I was surprised the Mueller investigation didn’t come up at the town hall. It was certainly one of several topics on my mind when I decided to attend. According to the New York State of Politics blog, during an interview about the questions Mueller might want to ask Trump that were leaked last week by the New York Times, Reed said the Mueller investigation should be allowed to take its course. Anyone found by the special counsel to have engaged in wrongdoing should be held “accountable.” “At the end of the day, that’s what we should be doing and focusing on.”
At one point, and I am sorry that I can’t remember the context, Mr. Reed repeated his position that people who act wrongly should be held accountable. I wish I had the chance to ask Mr. Reed: Does that include the President and members of Congress from your own party who attack the FBI for investigating the Russia connection or who attack the Mueller investigation as “disgraceful,” a “witch hunt”? And who attack the personal integrity of Mueller himself, as well as Rosenstein and Sessions, and who call for all three to be fired—Mueller and Rosenstein for not being Republicans (which they are) and Sessions, the Attorney General of the US, for recusing himself from overseeing the investigation and not putting the President’s interests before that of this country?

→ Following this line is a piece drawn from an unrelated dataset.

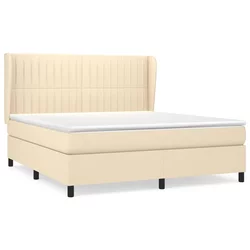 vidaXL vidaXL Box spring postelja z vzmetnico krem 180x200 cm blago, (20893664)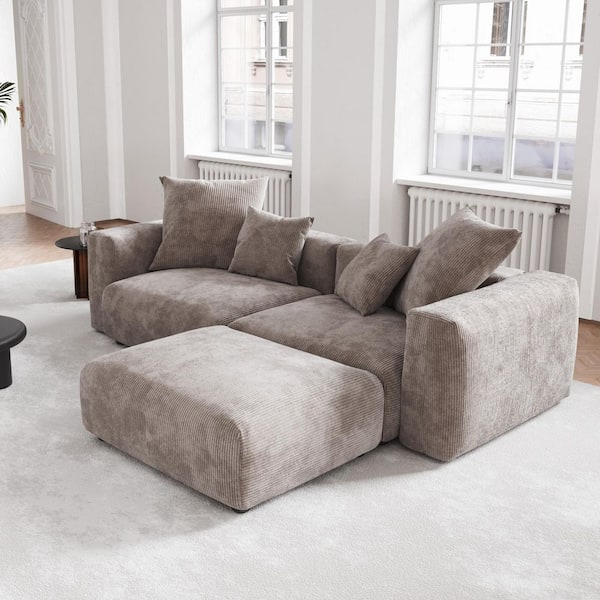 Modern 102 in. Square Arm 3-piece Modular Corduroy Sectional Sofa Oversized Floor Couch with Removable Covers in Brown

This is wrongdoing enacted in public. This is the President violating principles at the center of our constitutional government, namely separation of powers between the executive and judicial branches of the government. This is the President directly interfering in an investigation. And all of it is happening not in secret, but in our faces.
If you, Mr. Reed, think wrongdoing should be punished. If you think the investigation needs to proceed and the constitution, and the rule of law, to be honored and protected, why don’t you speak up against not only the President, but the GOP Congresspeople who follow his lead on the subject? This is your job. If you don’t speak out, aren’t you complicit in Mr. Trump’s actions that possibly undermine the rule of law in our nation and, thus, someone who needs to be held accountable?
What I’ve gathered from these town halls is that they are an important part of our modern Democracy. But they must be more than a public relations gimmick. They must be the reality of democracy, not the mere appearance. They must be a sincere attempt at conversation: for the politician, it must be a chance to not only communicate their own understanding of issues but also discover what best advances the well-being of constituents. For the constituents, it’s a chance to express and increase our understanding of crucial issues and discover how much the politician is not only an honest leader but also a true servant of the people.
*I noticed three of the candidates hoping to be chosen to run as a Democrat against Reed in this year’s election were present at the town hall. If there were more, I am sorry I didn’t notice them. They were Max Della Pia, Tracy Mitrano, and Linda Andrei. Also present was Amanda Kirchgessner, who is running for the NY State Senate seat held by Tom O’Mara in the 58thDistrict.